# Side-Channel Analysis

Marc Joye Francis Olivier

Gemplus, Card Security Group, France {marc.joye, francis.olivier}@gemplus.com

#### 1 Introduction

Electronic devices have to comply with consumption constraints especially on autonomous equipments, like mobile phones. Power analysis has been included into most certification processes regarding products dealing with information security such as smart cards.

The electrical consumption of any electronic device can be measured with a resistor inserted between the ground or Vcc pins and the actual ground in order to transform the supplied current into a voltage easily monitored with an oscilloscope.

Within a micro-controller the peripherals consume differently. For instance writing into non-volatile memory requires more energy than reading. Certain chips for smart cards enclose a crypto-processor, i.e., a particular device dedicated to specific cryptographic operations, which generally entails a consumption increase. The consumption trace of a program running inside a micro-controller or a microprocessor is full of information. The signal analysis may disclose lots of things about the used resources or about the process itself. This illustrates the notion of *side channel* as a source of additional information.

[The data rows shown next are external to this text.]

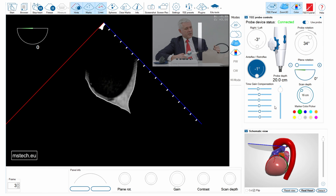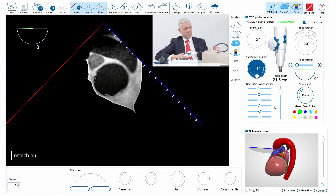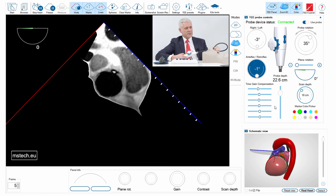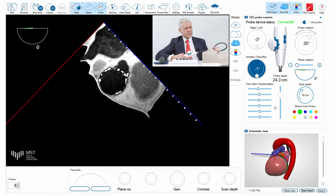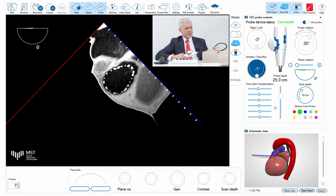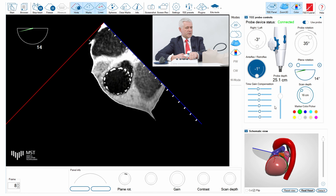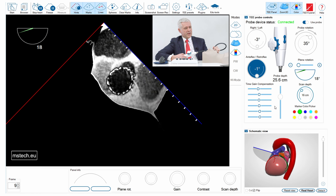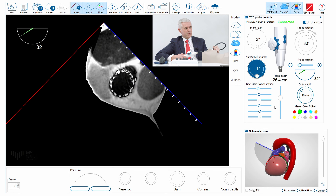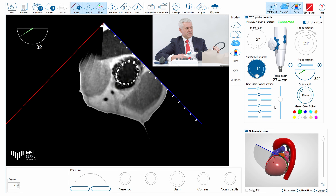I'm inserting the probe in zero degree view, going from the upper part of the esophagus down, and you can see the bright echoes corresponding to the stent of the TAVI valve. As soon as I get closer to the aortic valve itself, I have to change the angle of the plane to approximately 30 degrees to keep it in short axis view.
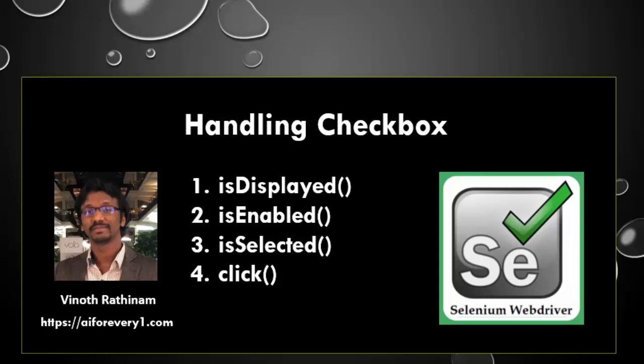Hello everyone, welcome to Vinotrathinum Tutorials. In this video we are going to learn about how to handle the checkbox.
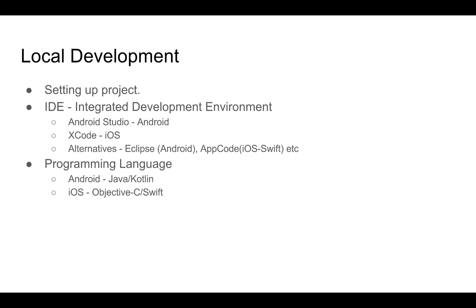The recommended IDE for Android is Android Studio and that for iOS is Xcode. Android Studio supports Java and a language called Kotlin. Kotlin is basically an open source statically typed programming language that runs on the JVM. It's developed by a team of JetBrains programmers. And as for iOS, we have Objective-C or Swift. Swift is a new language developed by Apple and was open sourced recently.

Basically a power consumption trace exhibits large scale patterns most often related to the structure of the executed code. The picture below (Fig. 1) shows the power trace of a smart-card chip ciphering a message with the Advanced Encryption Standard (AES). The ten rounds are easily recognised with nine almost regular patterns first followed by a shorter one.



Figure 1: AES power trace

Zooming into a power signal exhibits a local behaviour in close relationship with the silicon technology. At the cycle scale, the consumption curve looks roughly like a capacitive charge and discharge response. A careful study of several traces of a same code with various input data shows certain locations where power trace patterns have different heights. The concerned cycles indicate some data dependence also called *information leakage*. They may be magnified by a variance analysis over a large number of executions with random data. For instance, by ciphering many random plaintexts with a secret-key algorithm, it is possible to distinguish the areas sensitive to input messages from the constant areas that correspond to the key schedule.

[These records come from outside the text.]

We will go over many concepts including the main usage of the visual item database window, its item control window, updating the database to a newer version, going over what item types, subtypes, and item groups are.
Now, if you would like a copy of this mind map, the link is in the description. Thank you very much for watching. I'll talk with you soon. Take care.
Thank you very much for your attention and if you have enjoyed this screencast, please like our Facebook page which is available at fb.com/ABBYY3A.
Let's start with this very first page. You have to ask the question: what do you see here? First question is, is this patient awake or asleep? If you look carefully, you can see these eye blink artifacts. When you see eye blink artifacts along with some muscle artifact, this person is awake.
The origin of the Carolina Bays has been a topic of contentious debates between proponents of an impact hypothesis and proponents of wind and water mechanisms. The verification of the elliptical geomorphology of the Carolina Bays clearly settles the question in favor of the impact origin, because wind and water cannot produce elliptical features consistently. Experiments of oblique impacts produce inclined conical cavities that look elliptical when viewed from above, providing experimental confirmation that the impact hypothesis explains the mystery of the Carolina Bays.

Figure 2: Information leakage

## 2 Information Leakage Model

The characterisation of data leakage (namely, finding the relationships between the data and the variability of consumption) has been investigated by several researchers. The most common model consists in correlating these variations to the Hamming weight of the handled data, i.e., the number of nonzero bits. Such a model is valid for a large number of devices. However it can be considered as a special case of the transition model which assumes that the energy is consumed according to the number of bits switched for going from one state to the next one. This behaviour is represented by the Hamming distance between the data and some a priori unknown constant, i.e., the Hamming weight of the data XOR-ed with this constant.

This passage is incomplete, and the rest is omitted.